Back in June, the New York Post, with unusual eloquence, wrote, "Does it feel some days as if New York--wealthy, successful, seemingly at the top of the world--is slipping back into the bad old days of crime, noise, dirt, rudeness? Like pentimento rising from an old canvas..."
I love the word pentimento. In her memoir of the same name, Lillian Hellman defined it beautifully: "Old paint on a canvas, as it ages, sometimes becomes transparent. When that happens it is possible, in some pictures, to see the original lines: a tree will show through a woman's dress, a child makes way for a dog, a large boat is no longer on an open sea. That is called pentimento because the painter 'repented,' changed his mind."
Is the city changing its mind about the sterile suburbanite it has become? Perhaps it is repenting, a word that also means to regret.
Graffiti and panhandling are both on the rise. Subway rats are running amok. Fines for turnstile jumping have increased. Flashers are flashing. Transgender prostitutes are coming back to the Village. The crusties have returned to the Lower East Side. Even the squeegee men have come home to roost (and squeegee women, too).
Something is happening.
Entropy persists. Nature reigns in all her chaos.

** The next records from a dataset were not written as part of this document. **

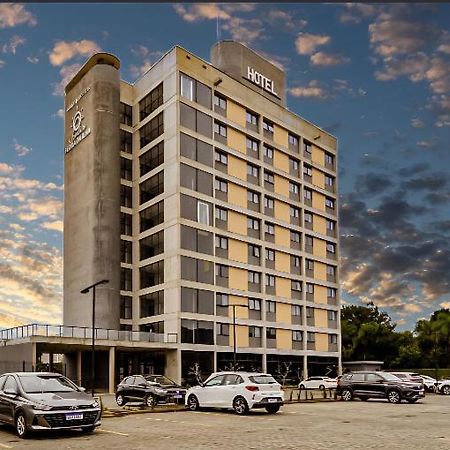 פנייה Quarto Hotel Beto Carrero Penha מראה חיצוני תמונה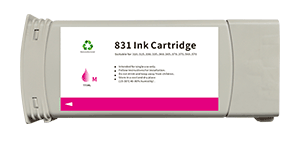 831 latex ink cartridge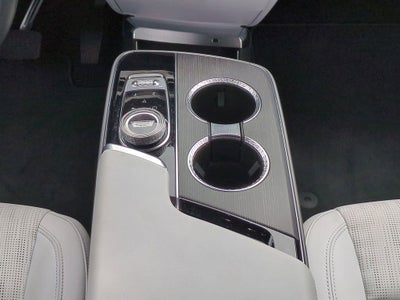2024 Cadillac LYRIQ Luxury 1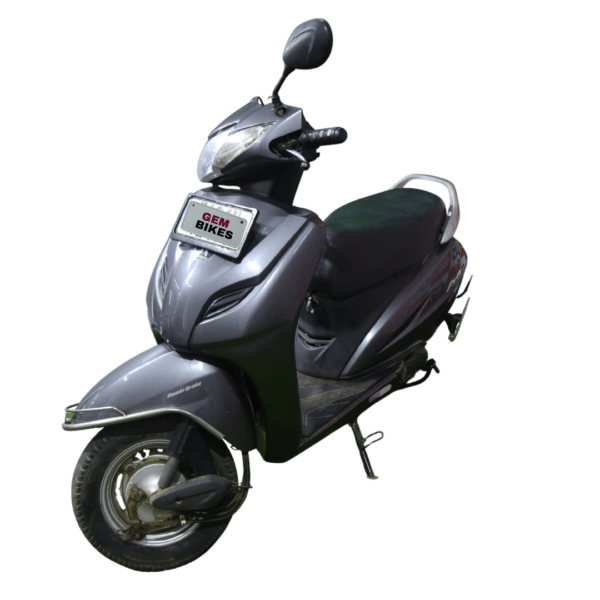 1 Honda Activa 3G – Grey 2016 Model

where gum once was, gum-ghosts remain
An upscale cafe moves onto 9th Avenue and sends a worker out front with a metal brush and a can of Ajax to whisk eons of dirt from the cracks. A boutique hotel employs a man to steam-scrub each black disk of gum from its piece of pavement.
Scrubbing against the chaos, keep on scrubbing. The gum comes back. The grit returns. Whatever you do, weeds and wildflowers will invade your manicured garden. Just as, from the sands of a nuclear desert, irrepressible seedlings emerge.
At this very moment, they are breaking ground.